* _Data items_
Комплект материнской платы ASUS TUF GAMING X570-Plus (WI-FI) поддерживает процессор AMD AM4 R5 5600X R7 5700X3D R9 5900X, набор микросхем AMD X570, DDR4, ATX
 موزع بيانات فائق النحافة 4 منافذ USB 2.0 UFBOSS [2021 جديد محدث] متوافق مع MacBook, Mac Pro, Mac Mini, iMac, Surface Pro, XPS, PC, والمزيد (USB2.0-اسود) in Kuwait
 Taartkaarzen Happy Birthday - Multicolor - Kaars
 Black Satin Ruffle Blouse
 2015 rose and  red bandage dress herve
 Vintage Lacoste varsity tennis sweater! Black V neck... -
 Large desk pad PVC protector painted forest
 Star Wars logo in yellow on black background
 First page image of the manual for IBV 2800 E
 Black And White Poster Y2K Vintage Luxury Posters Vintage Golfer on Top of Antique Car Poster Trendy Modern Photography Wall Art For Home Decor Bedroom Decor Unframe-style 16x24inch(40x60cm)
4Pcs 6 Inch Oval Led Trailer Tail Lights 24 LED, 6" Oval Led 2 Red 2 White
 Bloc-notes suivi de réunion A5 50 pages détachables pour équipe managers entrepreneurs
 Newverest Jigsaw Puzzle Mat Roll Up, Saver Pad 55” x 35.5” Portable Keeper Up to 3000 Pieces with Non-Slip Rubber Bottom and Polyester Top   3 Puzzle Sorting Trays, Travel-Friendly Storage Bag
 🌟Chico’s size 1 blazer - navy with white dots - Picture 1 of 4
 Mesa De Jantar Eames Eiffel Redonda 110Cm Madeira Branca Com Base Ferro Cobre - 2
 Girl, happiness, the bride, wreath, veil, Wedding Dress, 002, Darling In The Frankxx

* _GOAL OF THE EXERCISE_
Starting with the first line of the records above, give back each line exactly until the line with "Large desk pad PVC protector painted forest" has been given as well.

* _TASK RESPONSE_
Комплект материнской платы ASUS TUF GAMING X570-Plus (WI-FI) поддерживает процессор AMD AM4 R5 5600X R7 5700X3D R9 5900X, набор микросхем AMD X570, DDR4, ATX
 موزع بيانات فائق النحافة 4 منافذ USB 2.0 UFBOSS [2021 جديد محدث] متوافق مع MacBook, Mac Pro, Mac Mini, iMac, Surface Pro, XPS, PC, والمزيد (USB2.0-اسود) in Kuwait
 Taartkaarzen Happy Birthday - Multicolor - Kaars
 Black Satin Ruffle Blouse
 2015 rose and  red bandage dress herve
 Vintage Lacoste varsity tennis sweater! Black V neck... -
 Large desk pad PVC protector painted forest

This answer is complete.